- Task prompt -
Nothing but the lines from the one showing "Barbereich im Jugendzentrum" through the final line of the data below belongs in the answer, duplicated exactly and without pictures.

- Supplied data -
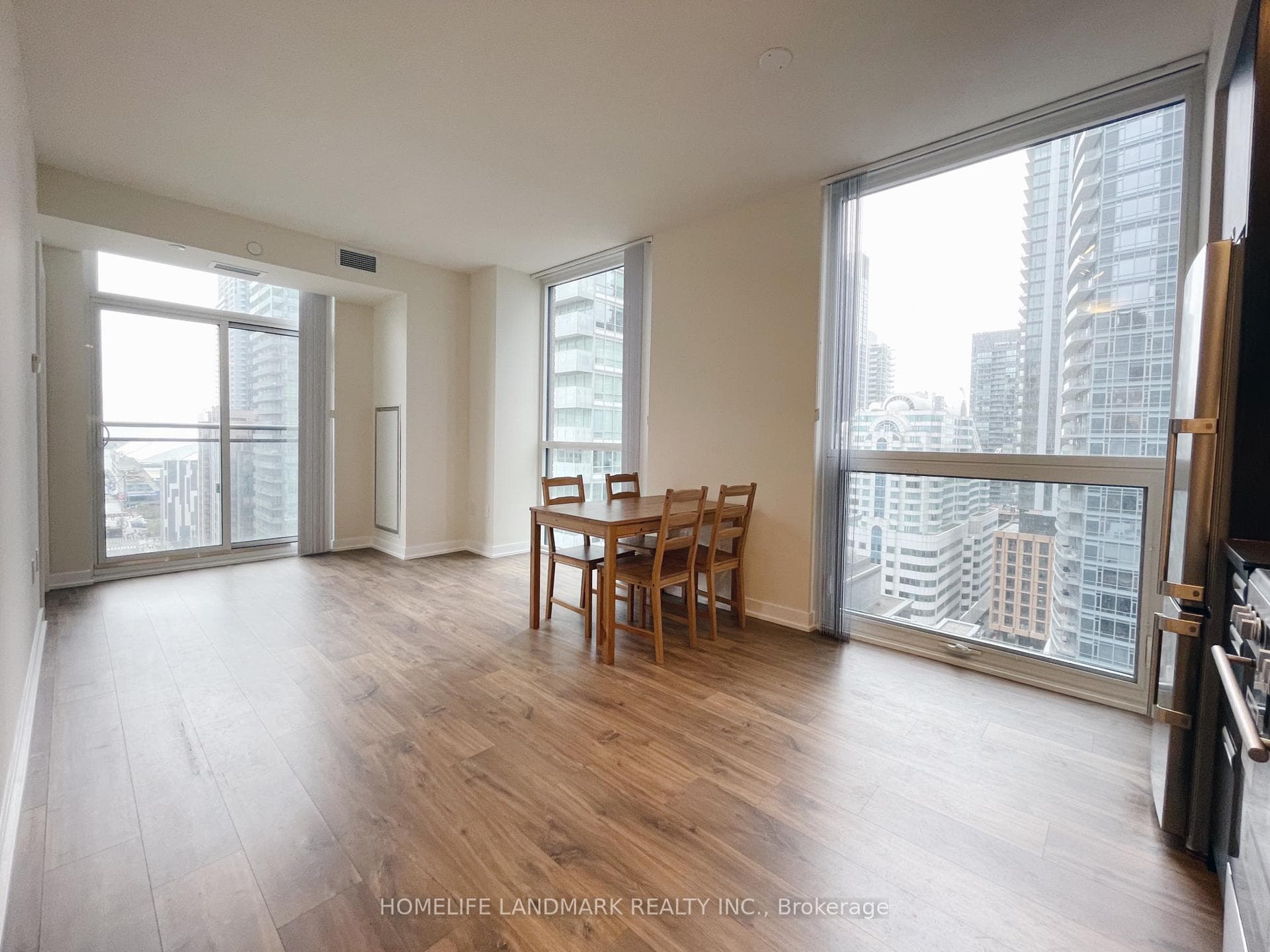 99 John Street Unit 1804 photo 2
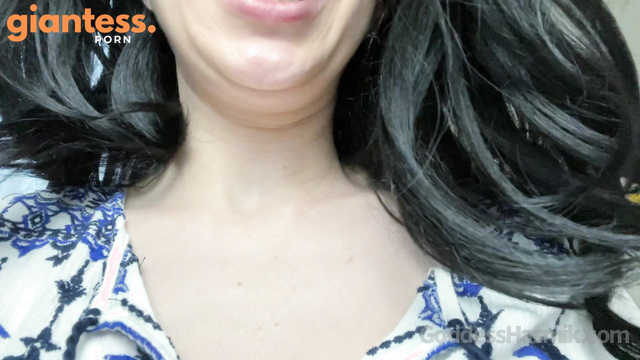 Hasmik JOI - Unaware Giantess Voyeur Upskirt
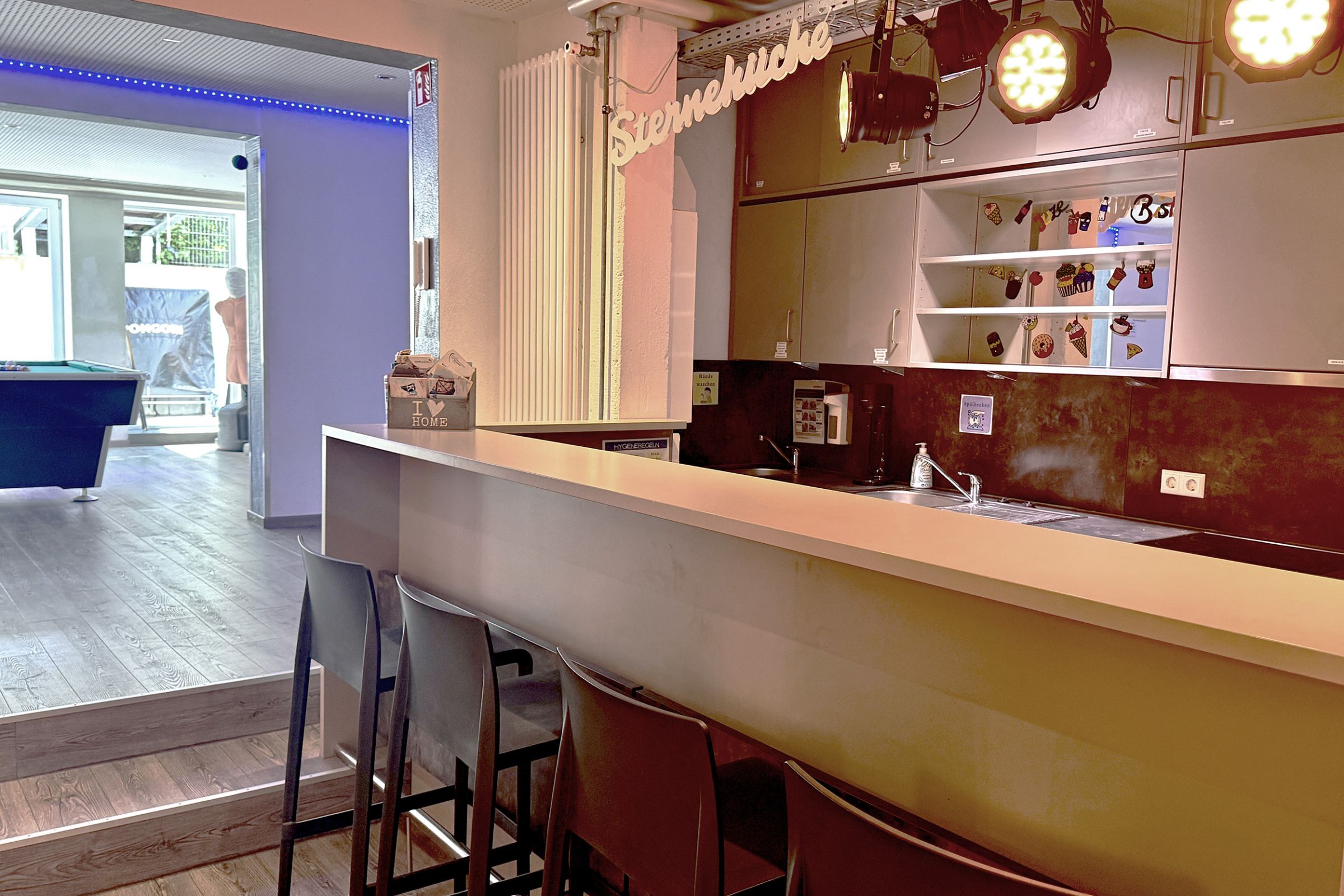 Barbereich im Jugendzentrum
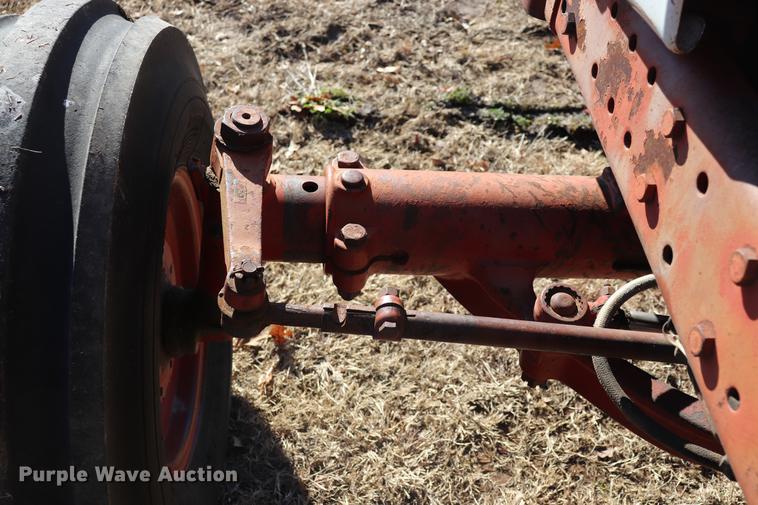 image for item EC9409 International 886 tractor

- Output for this exercise -
 Barbereich im Jugendzentrum
 image for item EC9409 International 886 tractor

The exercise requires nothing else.